The Bishopric of Ösel–Wiek (Estonian: Saare-Lääne piiskopkond; German: Bistum Ösel–Wiek; Low German: Bisdom Ösel–Wiek; contemporary Latin: Ecclesia Osiliensis) was a Roman Catholic diocese and a semi-independent prince-bishopric — part of Terra Mariana (Old Livonia) in the Holy Roman Empire. The bishopric covered what are now Saare, Hiiu, Lääne counties and the western part of Pärnu county of Estonia.


Haapsalu Episcopal Castle.
Haapsalu Episcopal Castle.
The 1241 Treaty between the Bishopric of Ösel-Wiek, the Livonian Order, and Oeselians (now at National Archives of Sweden)

The bishopric was created on 1 October 1228 as a Latin rite, and initially possibly exempt, diocese by papal legate William of Modena and simultaneously as a state of Holy Roman Empire—making it a prince-bishopric—by Henry, King of the Romans (1220-1242; not Emperor). Due to the repeated shift of the seat of the bishops, it was also successively known as bishopric of Leal (Lihula) from 1234, Perona (Vana-Pärnu) from 1251, Hapsal (Haapsalu) Castle from 1279, and the seat shifted (alone) to the castle of Arensburg (Kuressaare) on the island of Ösel (Saaremaa); the cathedral and cathedral chapter (canons) remained in Hapsal. It was a suffragan diocese in the ecclesiastical province of the Metropolitan Archbishopric of Riga from 1253.

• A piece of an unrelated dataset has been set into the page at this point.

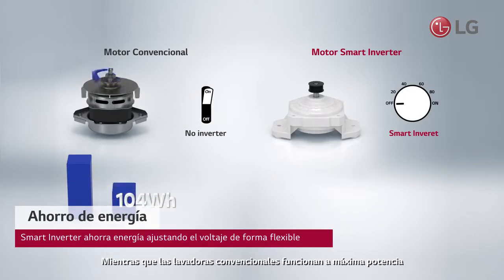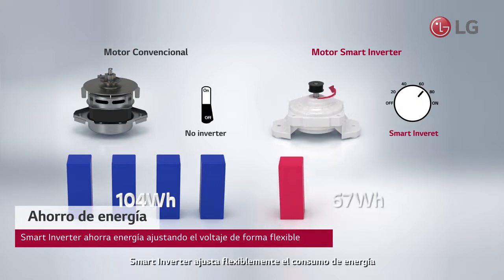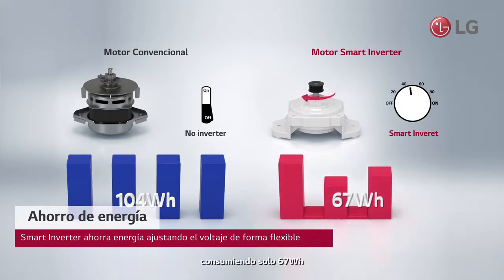While conventional washing machines run at maximum power of more than 104 watt-hours, the Smart Inverter flexibly adjusts energy usage for only 67 watt-hours.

One of the five members of the Livonian Confederation, the state was administratively divided into two bailiwicks (Latin advocaciae, German Vogteien). The bishop was also the lord of the Teutonic Order over its fiefs on the bishopric's territory. From 1241 until 1343, Ösel (Saaremaa) Island was an autonomous part of Ösel-Wiek prince-bishopric (autonomy renewed 27 August 1255).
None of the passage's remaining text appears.